1895 saw the arrival in England of King Khama and two other Bechuanaland Kings who were resisting the colonisation of their homelands planned by Cecil Rhodes.
Few places or people capture the scale, ambition and a varice of the British Empire at its peak than Cecil Rhodes.
Rhodes was the Premier of the Cape Colony and another territory – Rhodesia – had been named after him. In Rhodes’ view the superiority of the British made the expansion of empire the destiny of his race.
His great ambition was to drive a railway across the entire length of Africa. Running from the Cape to Cairo, you would be able to cross the whole continent without ever leaving British territory.
But there was a problem. The railway needed to cross Bechuanaland, which was a “Protectorate” - territory claimed by the British but governed by local rulers.
Most prominent among the local rulers was the multi-lingual, Christian convert, King Khama III. Khama saw through Rhodes’ scheme to its real ultimate purpose–colonisation.
So while Rhodes was busy lobbying the British government to get control of Bechuanalan, in 1895 Khama, along with the two other Bechuanaland Chiefs, headed to the heart of the empire itself: England.
Knowing they’d be no match for Rhodes militarily, their aim was to out manoeuvre him by winning over the British public, touring Britain with the help of the London Missionary Society.
Their strategy paid off. Towards the end of 1895, with public opinion swinging behind the Kings, Khama and his delegation were granted an audience with the colonial secretary, Joseph Chamberlain.

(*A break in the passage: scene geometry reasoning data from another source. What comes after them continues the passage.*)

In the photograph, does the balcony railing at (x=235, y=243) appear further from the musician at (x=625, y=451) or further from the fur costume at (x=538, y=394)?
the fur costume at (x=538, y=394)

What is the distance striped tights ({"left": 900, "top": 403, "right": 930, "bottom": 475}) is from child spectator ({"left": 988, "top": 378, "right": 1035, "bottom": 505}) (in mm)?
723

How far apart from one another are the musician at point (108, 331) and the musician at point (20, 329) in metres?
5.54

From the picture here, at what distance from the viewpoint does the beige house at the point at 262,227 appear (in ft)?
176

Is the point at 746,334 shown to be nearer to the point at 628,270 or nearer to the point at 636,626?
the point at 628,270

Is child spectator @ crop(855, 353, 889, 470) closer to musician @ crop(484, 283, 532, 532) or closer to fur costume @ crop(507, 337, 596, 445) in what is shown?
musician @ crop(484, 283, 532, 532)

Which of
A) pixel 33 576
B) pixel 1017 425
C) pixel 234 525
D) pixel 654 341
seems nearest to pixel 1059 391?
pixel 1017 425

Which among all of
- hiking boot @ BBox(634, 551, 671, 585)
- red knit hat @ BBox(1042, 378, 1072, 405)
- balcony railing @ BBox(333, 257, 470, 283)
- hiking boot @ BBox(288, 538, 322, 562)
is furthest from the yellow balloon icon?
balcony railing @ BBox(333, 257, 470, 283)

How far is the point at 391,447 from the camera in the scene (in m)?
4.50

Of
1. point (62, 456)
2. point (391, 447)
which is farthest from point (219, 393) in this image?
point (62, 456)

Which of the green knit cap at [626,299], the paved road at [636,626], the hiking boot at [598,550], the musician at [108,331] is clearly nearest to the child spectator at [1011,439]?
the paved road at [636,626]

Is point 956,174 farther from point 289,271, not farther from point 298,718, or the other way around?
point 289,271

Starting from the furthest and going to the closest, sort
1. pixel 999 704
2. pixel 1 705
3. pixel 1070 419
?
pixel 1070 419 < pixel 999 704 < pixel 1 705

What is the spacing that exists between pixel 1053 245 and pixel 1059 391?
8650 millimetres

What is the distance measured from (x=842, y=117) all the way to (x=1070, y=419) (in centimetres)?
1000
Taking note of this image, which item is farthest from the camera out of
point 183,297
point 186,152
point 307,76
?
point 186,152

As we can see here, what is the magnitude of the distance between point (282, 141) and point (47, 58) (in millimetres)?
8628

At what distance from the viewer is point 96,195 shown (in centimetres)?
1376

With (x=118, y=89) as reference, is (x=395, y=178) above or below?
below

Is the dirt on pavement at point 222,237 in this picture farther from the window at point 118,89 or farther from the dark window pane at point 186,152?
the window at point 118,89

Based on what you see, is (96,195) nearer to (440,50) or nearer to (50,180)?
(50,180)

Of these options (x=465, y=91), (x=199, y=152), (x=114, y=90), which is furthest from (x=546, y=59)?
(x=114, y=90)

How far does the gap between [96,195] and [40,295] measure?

At that meeting, the Africans were granted most of the protections from Cecil Rhodes that they’d been looking for. They were also granted an audience with Queen Victoria.
The meeting of the Queen Empress and the three African kings was of huge public interest. This picture of it appeared in The Graphic, a popular Victorian magazine. It shows the Queen at Windsor with her ladies in waiting, and Joseph Chamberlain, handing King Khama a portrait of the Queen.
This print was featured in Black and British: A Forgotten History (2016) , a BBC series revealing the extraordinarily long relationship between the British Isles and people whose origins are in Africa.